Day two in Croix de Bouquet, Haiti...and I must correct a previous statement from the last blog: this guesthouse sometimes has hot water. And by sometimes, I mean just last night, and just for my shower apparently. But, let's be honest, after a normal day here, you really only ever want a cold one. So, conveniently enough.
We had pancakes this morning then took a tour of the compound, which can really only be best described as a fortress in my book. The Global Orphan Project took on this site last fall, but it was originally built with a church, hospital, orphanage, and hotel by other owners. The hotel has been completed and turned into the guest quarters and supply rooms. It. Is. So. Big. The dorms look much like those at Bighouse, in Cayes. They have school outside under a makeshift tent and trees, and their huge warehouse is right when you come into the complex. This is where the distribution took and continues to take place. Piles of rice, pasta, crackers, water, etc. A lot of it reminds me of scenes post Katrina in New Orleans. But then again, much of it is in a complete different realm.
We played with the kids most of the day, save for a two hour nap that I took to try and fight this sinus infection off:/ They remind me so much of our babies in Les Cayes. There is the token diva. The I-say-one-phrase-of-English-really-well, see-kid. The one who is determined to have your watch by the end of your stay, thank you very much. And the baby boy who is surely probably one of the funniest personalities on this earth, and you would confirm it if you spoke enough of the language. Soon enough.
We were able to check in on Stephanie's baby today, and that's when I met one of the other children and her baby. She is 13, and has a story that no 13 years should ever have to tell. Sold into slavery and raped, this child was kicked out when her pregnancy was discovered. The Global Orphan Project found her on the streets after the earthquake, and she gave birth to Kimberly just four weeks ago. She is so little, and so is her baby. They are both babies. And her story is as real as slavery and hunger and despair...and we are grateful for the Gospel. Who could survive anything without the hope of healing and an ultimate story...
We then loaded up in the back of a truck and went "right down the road" about 45 minutes to Julie's house, where 65 kids were waiting to sing for us. Julie and her crew lost much of their facilities when the quake hit, and they were left without a place to live. The Global Orphan Project took them in (along with hundreds of others) to be transitioned in and out once they helped them rebuild their site. It's good to see rebuilding.

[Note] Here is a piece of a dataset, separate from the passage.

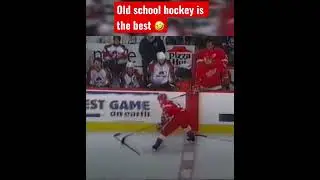 Old school hockey is the best. 🤣 #hockey #shorts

We passed a flooded tent city on our way to and from and they said that many still lived there. How??
Tonight finished on a sweet, sweet note as the staff projected the movie Aragon in french on the wall of the courtyard for the OTV children to watch. I had four sweet souls fall asleep on my lap and drool huge puddles on my pants that are supposed to last me three days, and the stars were out, and you could have heard a pin drop, and I thanked God for His gift.
We wrapped everything up as a team on top of the roof where we talked about compassion, leadership, service, and risk, and how we are so rich--not just monetarily--but in freedom and choice, and how that richness' purpose is to enable us to make others rich in freedom and choice. It is a brilliant circle of relational interdependence when we realize that we must share the wealth of money, food, choice of education and freedom and clean water, joy, and deep humility and peace, etc with each other in order for the world to make sense.

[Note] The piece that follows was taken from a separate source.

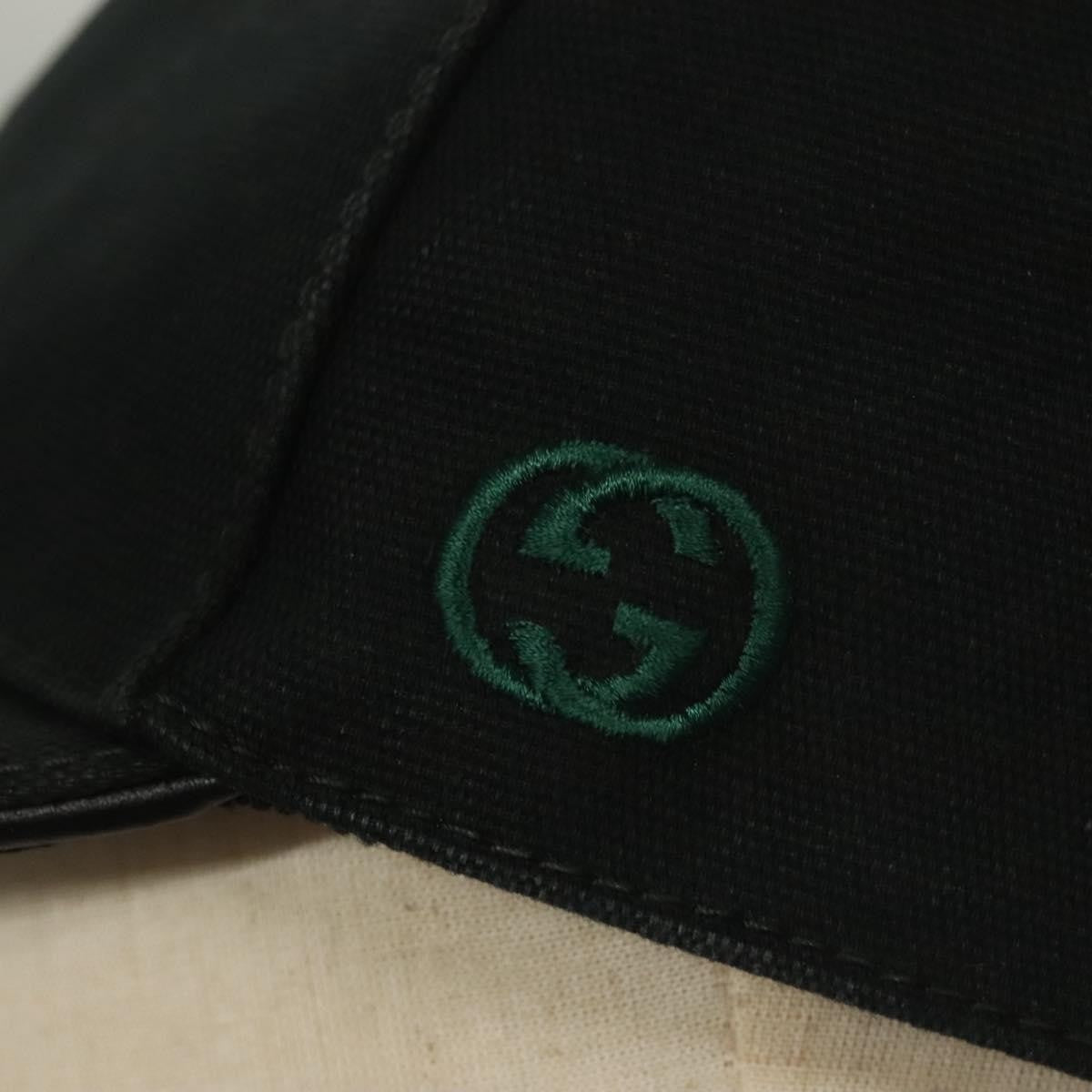 Gucci Interlocking G Web Baseball Cap Canvas Black Canvas Head Accessory Accessory ( )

I am 100% confident that mosquitos came with the plagues and that they serve no purpose. No one will convince me otherwise.
If you ever get to Haiti, do two things: 1. take part in song/dance time at an orphan village, 2. drink a coca cola made with sugar cane. At least.
PS...Connie and Benjie Winn...you deserve a jewel for letting me board the plane again. Your trust enables all that I do. Thank you:) Love, love yall. Tell Jason I'm proud of him for scoring the winning run!!!